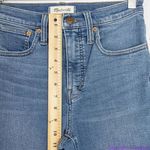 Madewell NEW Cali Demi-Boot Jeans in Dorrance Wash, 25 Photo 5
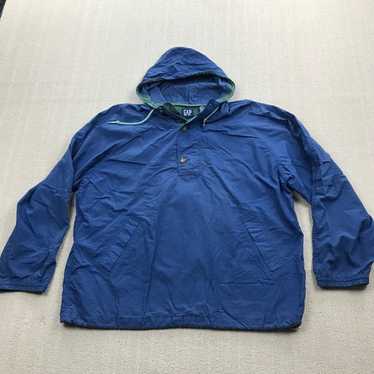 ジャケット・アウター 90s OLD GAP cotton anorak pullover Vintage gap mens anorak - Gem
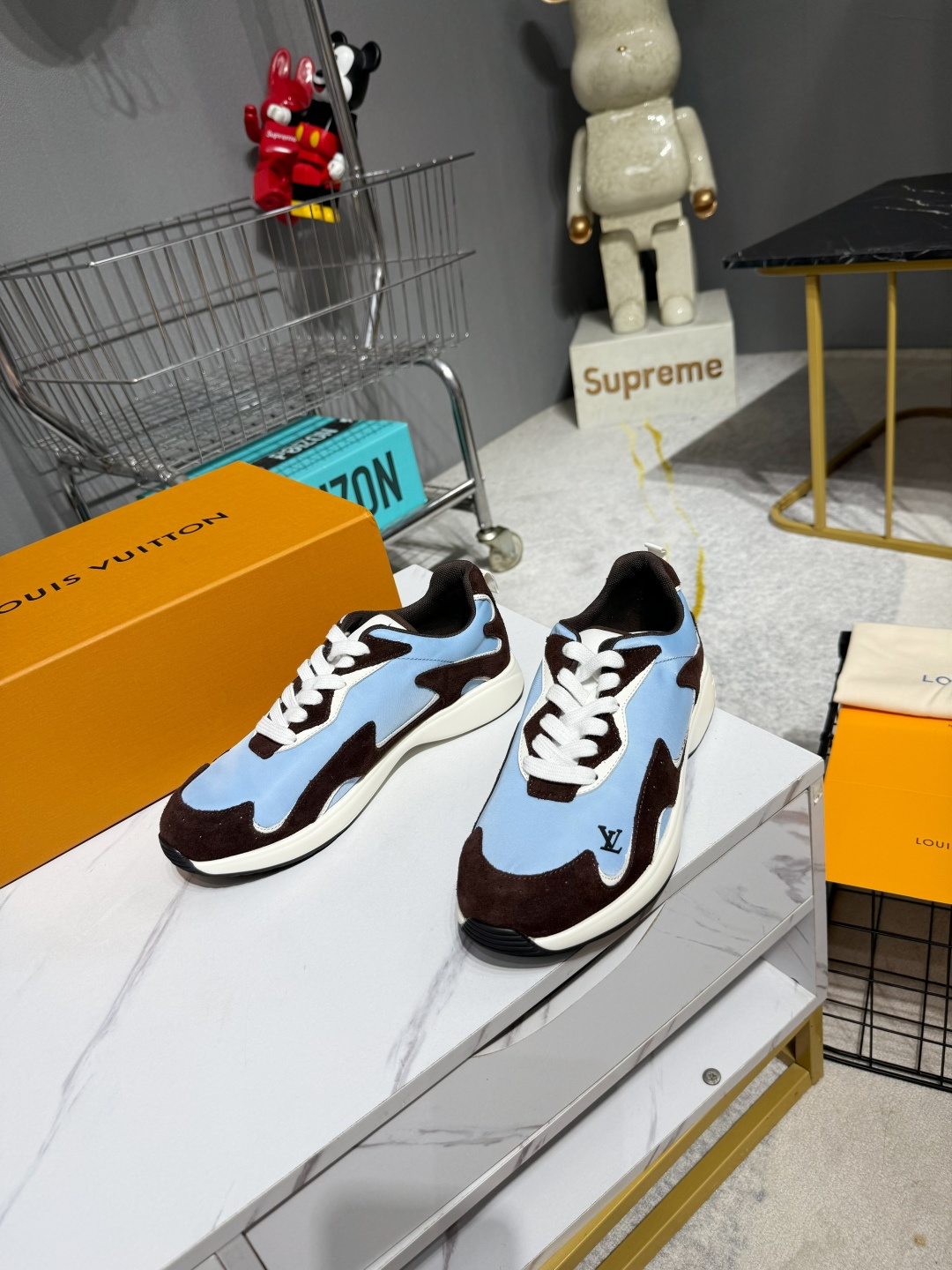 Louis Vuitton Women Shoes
========================================================================
Output, exactly and without pictures, the span of lines that starts at the line containing "ジャケット・アウター 90s OLD" and ends at the last line above.

 ジャケット・アウター 90s OLD GAP cotton anorak pullover Vintage gap mens anorak - Gem
 Louis Vuitton Women Shoes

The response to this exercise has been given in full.